NEW YORK -- Standard and Poor's Corp. has lowered its ratings on about $18 billion of the debt of France's Credit Lyonnais, citing asset quality.
S&P lowered its rating on Credit Lyonnais' senior debt to A-minus from single A and short-term rating to A-2 from A-1.
The agency also lowered Credit Lyonnais' subordinated debt to BBB-pluS from A-minus and its certificates of deposits to A-minus/A-2 from A/A-1.
S&P said the downgrades reflect severe asset-quality pressures on Credit Lyonnais and insufficient operating profits.
Despite a move by the bank to transfer around $6.5 billion in real estate-related problem loans to a special government sponsored unit, thereby avoiding heavy provisions, S&P noted, provisions against other risks produced a substantial loss in 1993.
More provisions may be required in the future, S&P predicted, noting that low operating income and capital levels leave the bank with little cushion.
The French banking group is one of the last government-owned financial institutions slated to be privatized in France.

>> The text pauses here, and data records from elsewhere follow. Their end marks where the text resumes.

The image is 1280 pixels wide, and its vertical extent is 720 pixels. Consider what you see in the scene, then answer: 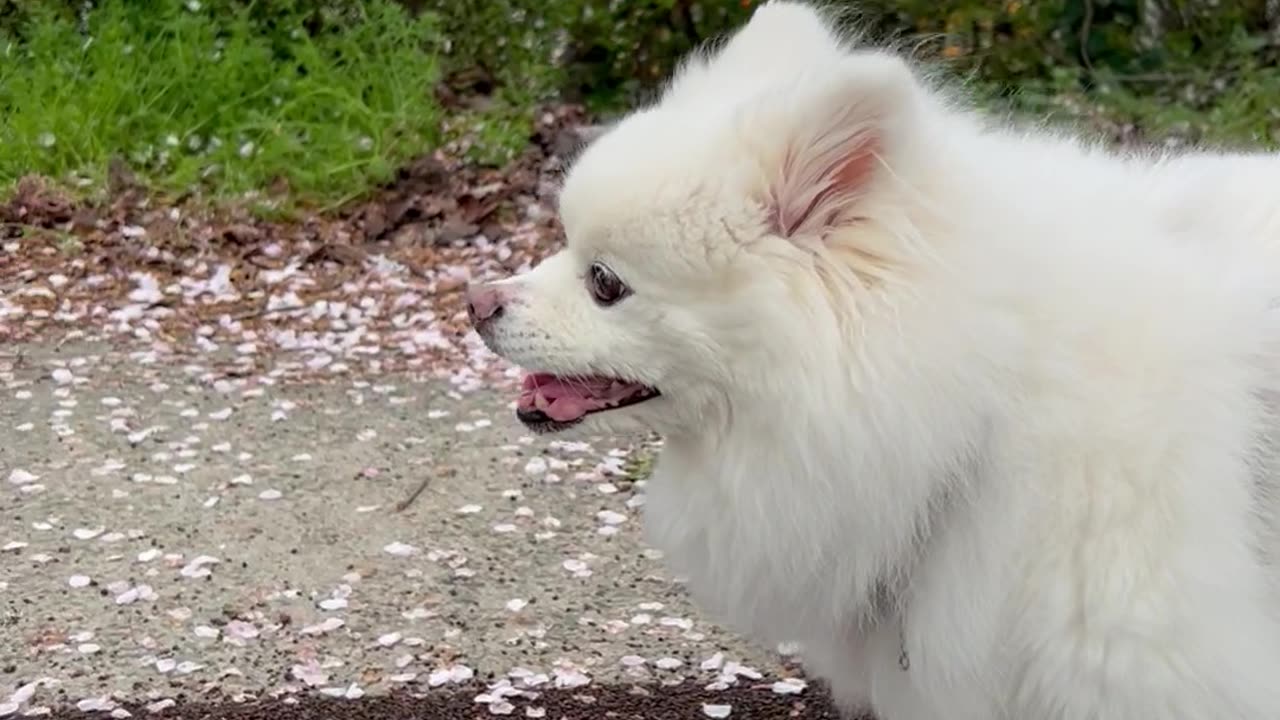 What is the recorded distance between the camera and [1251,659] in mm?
1904

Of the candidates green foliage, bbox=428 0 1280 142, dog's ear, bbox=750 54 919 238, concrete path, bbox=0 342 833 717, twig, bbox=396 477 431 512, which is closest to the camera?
dog's ear, bbox=750 54 919 238

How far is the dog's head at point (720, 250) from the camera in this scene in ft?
6.33

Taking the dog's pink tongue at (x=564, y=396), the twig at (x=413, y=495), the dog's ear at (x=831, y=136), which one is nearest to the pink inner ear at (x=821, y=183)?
the dog's ear at (x=831, y=136)

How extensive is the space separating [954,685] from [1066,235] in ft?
2.06

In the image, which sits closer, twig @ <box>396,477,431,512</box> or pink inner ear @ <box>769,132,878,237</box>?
pink inner ear @ <box>769,132,878,237</box>

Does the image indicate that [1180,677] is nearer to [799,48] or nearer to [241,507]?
[799,48]

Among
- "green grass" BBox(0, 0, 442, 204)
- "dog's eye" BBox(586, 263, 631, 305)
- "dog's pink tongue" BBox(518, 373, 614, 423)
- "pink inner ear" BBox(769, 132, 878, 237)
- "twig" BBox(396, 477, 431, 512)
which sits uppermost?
"pink inner ear" BBox(769, 132, 878, 237)

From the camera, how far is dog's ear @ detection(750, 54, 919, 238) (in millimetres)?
1855

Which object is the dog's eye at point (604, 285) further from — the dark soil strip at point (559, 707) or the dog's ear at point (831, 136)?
the dark soil strip at point (559, 707)

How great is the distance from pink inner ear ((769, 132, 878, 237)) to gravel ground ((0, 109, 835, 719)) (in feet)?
4.23

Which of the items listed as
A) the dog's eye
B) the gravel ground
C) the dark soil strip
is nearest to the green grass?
the gravel ground

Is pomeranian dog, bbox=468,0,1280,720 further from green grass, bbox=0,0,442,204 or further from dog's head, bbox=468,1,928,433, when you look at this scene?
green grass, bbox=0,0,442,204

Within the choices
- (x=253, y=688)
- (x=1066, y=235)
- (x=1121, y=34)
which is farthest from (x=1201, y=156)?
(x=1121, y=34)

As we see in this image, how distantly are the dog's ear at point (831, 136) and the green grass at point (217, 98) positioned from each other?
4.21 meters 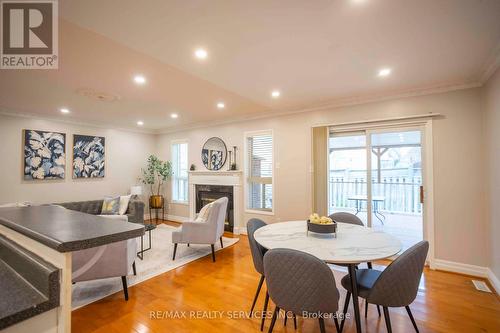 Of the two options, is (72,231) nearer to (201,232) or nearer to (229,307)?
(229,307)

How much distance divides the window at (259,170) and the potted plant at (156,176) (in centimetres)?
256

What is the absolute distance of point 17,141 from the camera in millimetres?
4434

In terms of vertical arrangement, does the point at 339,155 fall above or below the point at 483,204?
above

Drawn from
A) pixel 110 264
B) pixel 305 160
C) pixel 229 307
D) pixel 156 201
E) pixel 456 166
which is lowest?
pixel 229 307

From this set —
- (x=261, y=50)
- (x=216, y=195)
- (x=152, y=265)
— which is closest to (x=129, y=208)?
(x=216, y=195)

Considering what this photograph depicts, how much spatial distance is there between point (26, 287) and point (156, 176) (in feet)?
19.7

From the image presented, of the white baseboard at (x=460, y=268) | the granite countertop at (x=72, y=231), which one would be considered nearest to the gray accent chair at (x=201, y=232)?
the granite countertop at (x=72, y=231)

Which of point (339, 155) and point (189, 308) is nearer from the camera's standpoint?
point (189, 308)

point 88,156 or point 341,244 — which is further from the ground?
point 88,156

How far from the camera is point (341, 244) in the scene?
190 centimetres

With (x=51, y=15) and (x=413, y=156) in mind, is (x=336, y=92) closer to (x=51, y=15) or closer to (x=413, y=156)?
(x=413, y=156)

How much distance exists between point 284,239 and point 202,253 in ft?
7.48

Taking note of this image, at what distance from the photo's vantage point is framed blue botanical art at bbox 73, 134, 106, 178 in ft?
17.0

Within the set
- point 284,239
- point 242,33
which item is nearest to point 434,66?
point 242,33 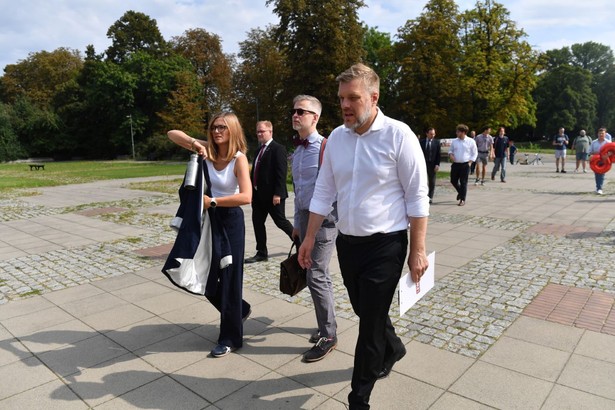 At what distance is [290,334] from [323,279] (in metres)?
0.76

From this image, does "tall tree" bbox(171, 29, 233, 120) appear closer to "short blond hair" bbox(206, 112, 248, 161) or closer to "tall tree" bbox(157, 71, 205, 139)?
"tall tree" bbox(157, 71, 205, 139)

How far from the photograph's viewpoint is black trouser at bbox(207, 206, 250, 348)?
3.64 metres

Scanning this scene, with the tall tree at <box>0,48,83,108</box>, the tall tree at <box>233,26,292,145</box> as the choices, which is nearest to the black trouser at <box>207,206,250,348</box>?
the tall tree at <box>233,26,292,145</box>

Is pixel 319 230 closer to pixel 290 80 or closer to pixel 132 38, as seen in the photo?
pixel 290 80

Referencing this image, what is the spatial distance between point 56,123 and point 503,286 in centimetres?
6227

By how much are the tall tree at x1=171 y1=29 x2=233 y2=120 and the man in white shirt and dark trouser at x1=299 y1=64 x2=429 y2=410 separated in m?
49.5

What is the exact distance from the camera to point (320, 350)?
3.57m

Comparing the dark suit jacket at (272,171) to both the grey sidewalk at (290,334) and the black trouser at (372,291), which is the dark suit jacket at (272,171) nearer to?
the grey sidewalk at (290,334)

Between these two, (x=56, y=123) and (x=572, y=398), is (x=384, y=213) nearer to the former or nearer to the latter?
(x=572, y=398)

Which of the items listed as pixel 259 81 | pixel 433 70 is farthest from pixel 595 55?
pixel 259 81

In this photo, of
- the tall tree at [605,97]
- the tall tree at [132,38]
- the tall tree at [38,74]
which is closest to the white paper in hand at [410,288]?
the tall tree at [132,38]

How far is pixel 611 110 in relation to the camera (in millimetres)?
64312

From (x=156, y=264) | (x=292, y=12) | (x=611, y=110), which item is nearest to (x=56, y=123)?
(x=292, y=12)

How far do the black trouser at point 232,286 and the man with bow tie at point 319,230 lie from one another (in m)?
0.52
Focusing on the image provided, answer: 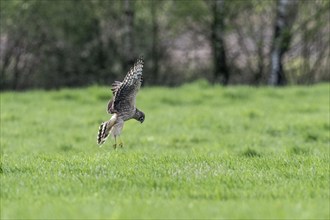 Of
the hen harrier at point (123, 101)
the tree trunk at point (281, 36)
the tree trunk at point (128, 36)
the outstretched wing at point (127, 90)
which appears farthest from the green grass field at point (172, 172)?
the tree trunk at point (128, 36)

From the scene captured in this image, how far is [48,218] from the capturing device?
648cm

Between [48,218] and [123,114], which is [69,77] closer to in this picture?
[123,114]

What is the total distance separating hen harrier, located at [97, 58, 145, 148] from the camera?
28.9 feet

S&P said the government and other shareholders may be forced to inject further capital into the bank.
Credit Lyonnais is one of the largest banks in the world with $366 billion of assets, including some $37 billion of U.S. assets.
S&P's downgrade contrasts with a move by Fitch Investors Service, which earlier this week assigned Credit Lyonnais a commercial paper rating of F-1 plus, its highest rating possible.